Prioritising projects and initiatives by ROI (return on investment) seems a sound way to determine the best business opportunities to pursue.

But actually it isn't – or at least it's not the whole story. Positive ROI is certainly a pre-requisite for an initiative to be a viable option for economically sound prioritisation, but it is NOT the optimum way to prioritise it against other opportunities competing for scarce team capacity.

𝗪𝗛𝗬?

Consider the following two hypothetical projects, A and B. For simplicity's sake, let's assume we have perfect knowledge* of the time/cost required to deliver (both 3 months, same cost) and the profit we will make over the year once they are completed ($1 million and $10 million respectively).
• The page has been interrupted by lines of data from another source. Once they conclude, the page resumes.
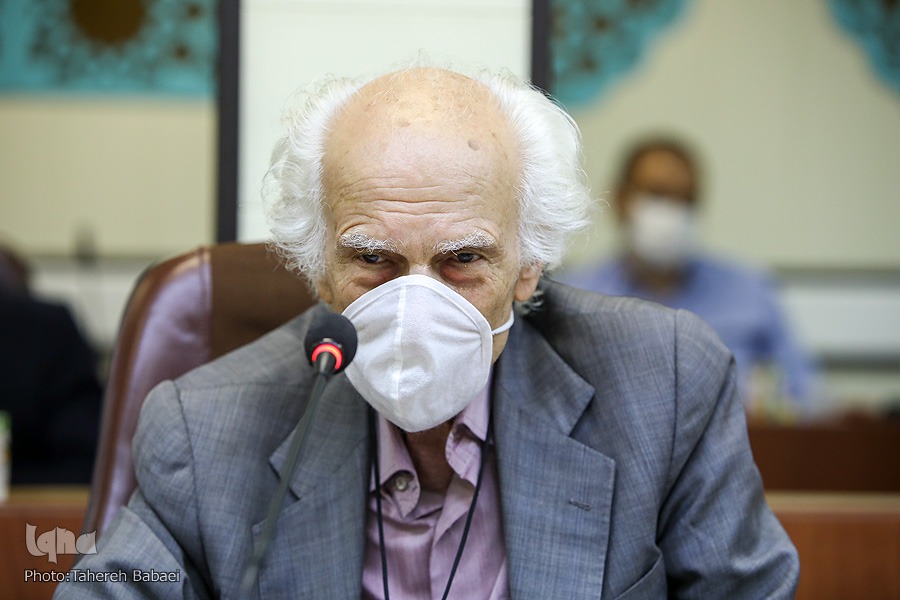 کریمی&zwnj;نیا: پیشینه خط نسخ به قرن نخست برمی&zwnj;گردد/ هاشمی&zwnj;نژاد: دچار خلأ منابع نیستیم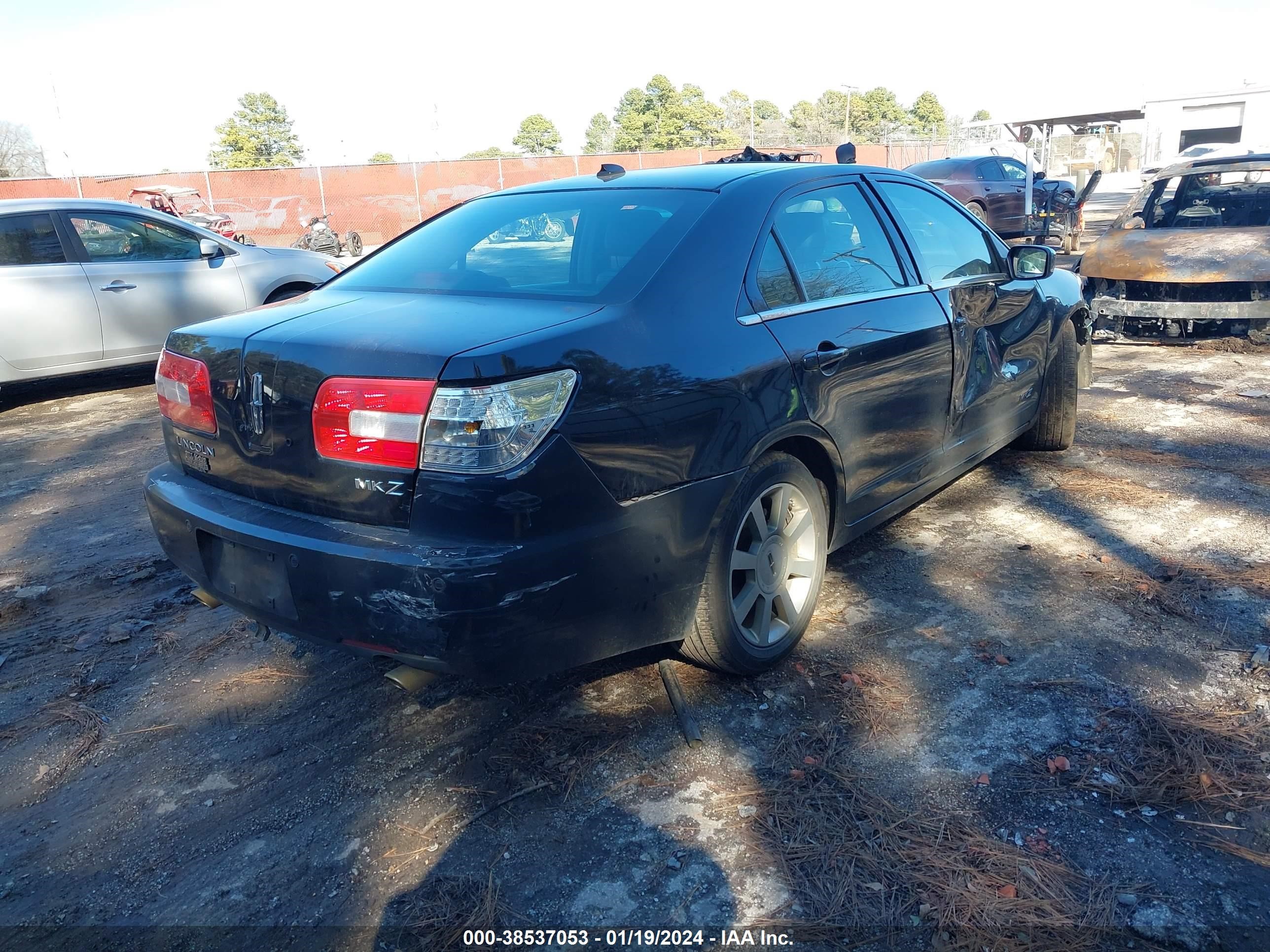 Photo 3 VIN: 3LNHM26T08R632279 - LINCOLN MKZ 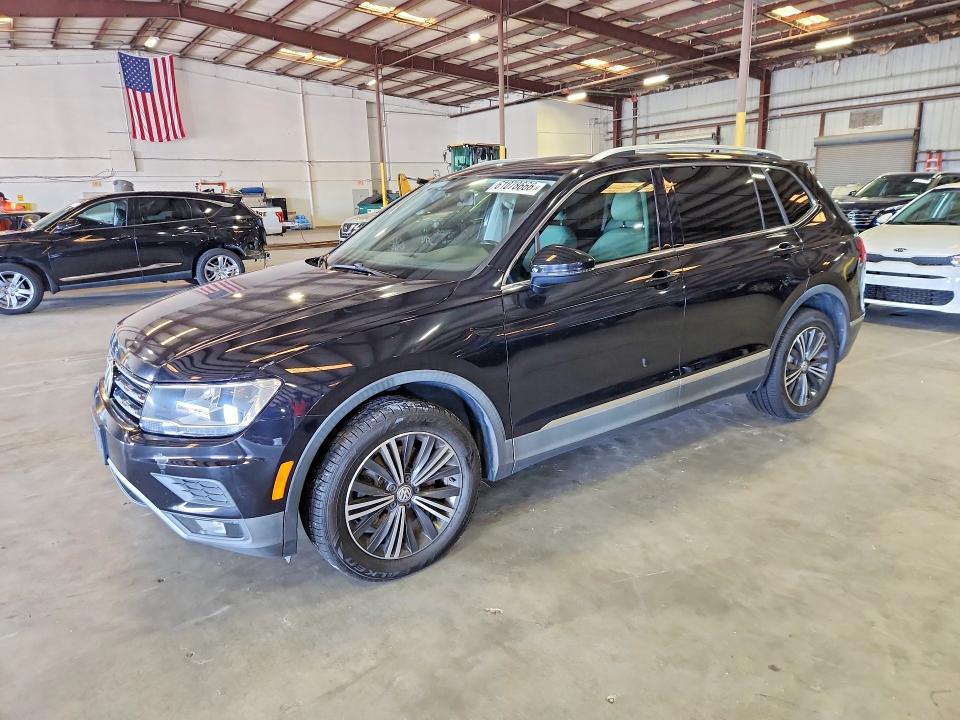 61078666 :رقم المزاد ، 3VV2B7AX7JM067671 vin ، 2018 Volkswagen Tiguan مزاد بيع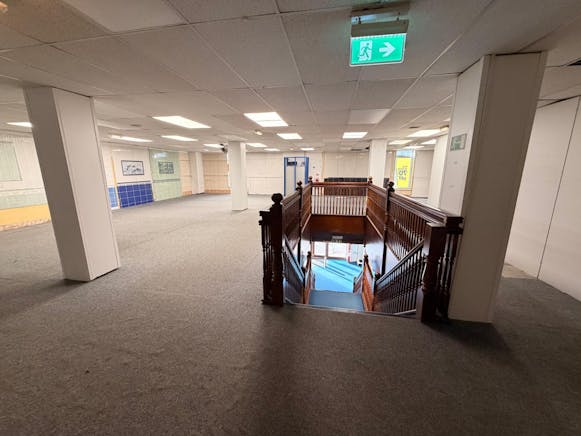 36-38 Bridge Street, Halstead, Retail To Let - WhatsApp Image 2026-01-30 at 14.06.08 (3).jpeg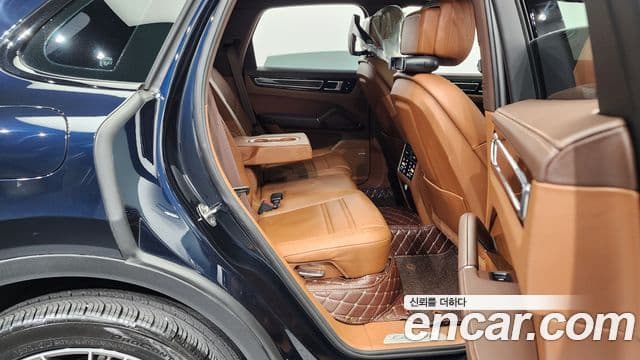 Porsche Cayenne 2019 — Photo 3/20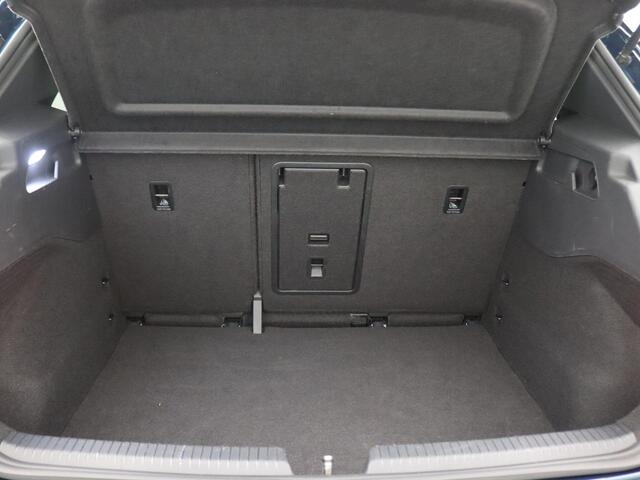 Cupra Born Performance 62 kWh 231PK Aut. Achteruitrijcamera, Stoel-Stuurverwarming, 20" LM Velgen, Elektr. Stoelbediening, Keyless, Side Assist, Beats Audio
Given the specialist skills and focus required, you can only pursue one of these projects right now.

Which one would you choose?

Seems obvious, right? Project B! It's a no-brainer!

However, the correct answer is – it depends. What simple ROI comparisons fail to take into account is the 𝗖𝗢𝗦𝗧 𝗢𝗙 𝗗𝗘𝗟𝗔𝗬. What if I told you that by doing B and not A, you are losing $1 million? This is because project A is a Christmas initiative, so delaying it by 3 months (even 2) results in all of the value being lost (if we start in October rather than August, we will miss Christmas – remember, it will take 3 months to deliver). The same time criticality does not apply to project B.

So, if we use ROI comparison – all other things being equal and ignoring other opportunities for now – we will choose to do project B only and make $10 million. If we consider COST OF DELAY, we will 𝗦𝗘𝗤𝗨𝗘𝗡𝗖𝗘 the projects rather than choose between them – thus doing project A THEN B, and make $11 million.

Of course this is a simplification, and in fact we need to bear in mind that doing both projects in this example costs twice as much (in time and $) as doing only one of them. That said, even if we knew project A would only took a few weeks to implement, we would still be ignoring it if judging purely on ROI, and it would still be too late to implement after doing B.

So the lesson here is to consider the 𝗼𝘃𝗲𝗿𝗮𝗹𝗹 𝗥𝗢𝗜 𝗮𝗻𝗱 𝘁𝗶𝗺𝗲 𝗰𝗿𝗶𝘁𝗶𝗰𝗮𝗹𝗶𝘁𝘆 𝗮𝗰𝗿𝗼𝘀𝘀 𝘁𝗵𝗲 𝗺𝗼𝘀𝘁 𝘃𝗮𝗹𝘂𝗮𝗯𝗹𝗲 𝗳𝗲𝘄 𝗼𝗽𝗽𝗼𝗿𝘁𝘂𝗻𝗶𝘁𝗶𝗲𝘀 rather than the ROI of each project in isolation.

*And given that we DON'T have perfect knowledge about how long things will take:
– make sure projects start WELL in advance of the anticipated implementation time before their value will be significantly diminished, and
– use schedule and value risk mitigation strategies such as capability slicing and MVP to increase the chances of maximising benefits.

Are you considering the cost of delay when prioritising initiatives in your organisation?